[Start of Attachment]
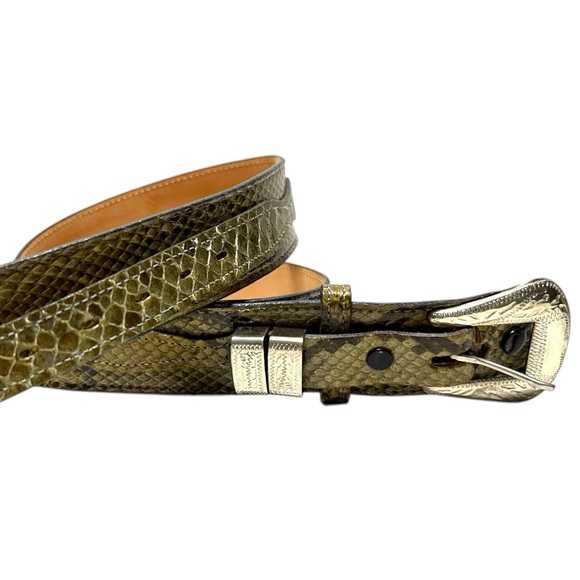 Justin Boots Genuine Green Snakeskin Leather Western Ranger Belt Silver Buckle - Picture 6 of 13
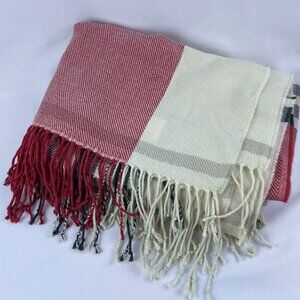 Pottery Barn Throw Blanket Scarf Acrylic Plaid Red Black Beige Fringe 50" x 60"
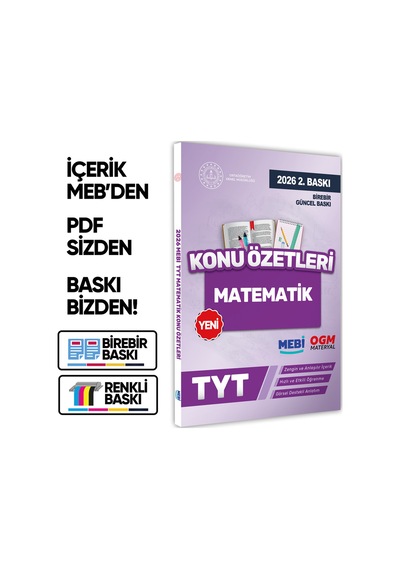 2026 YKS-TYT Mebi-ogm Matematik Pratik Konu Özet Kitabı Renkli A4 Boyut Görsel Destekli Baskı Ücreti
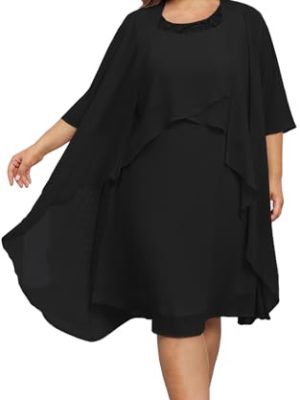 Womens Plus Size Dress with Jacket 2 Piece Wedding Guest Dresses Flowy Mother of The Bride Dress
[End of Attachment]
• **What is required**: Print the data above exactly, minus pictures.

• **Task response**:
 Justin Boots Genuine Green Snakeskin Leather Western Ranger Belt Silver Buckle - Picture 6 of 13
 Pottery Barn Throw Blanket Scarf Acrylic Plaid Red Black Beige Fringe 50" x 60"
 2026 YKS-TYT Mebi-ogm Matematik Pratik Konu Özet Kitabı Renkli A4 Boyut Görsel Destekli Baskı Ücreti
 Womens Plus Size Dress with Jacket 2 Piece Wedding Guest Dresses Flowy Mother of The Bride Dress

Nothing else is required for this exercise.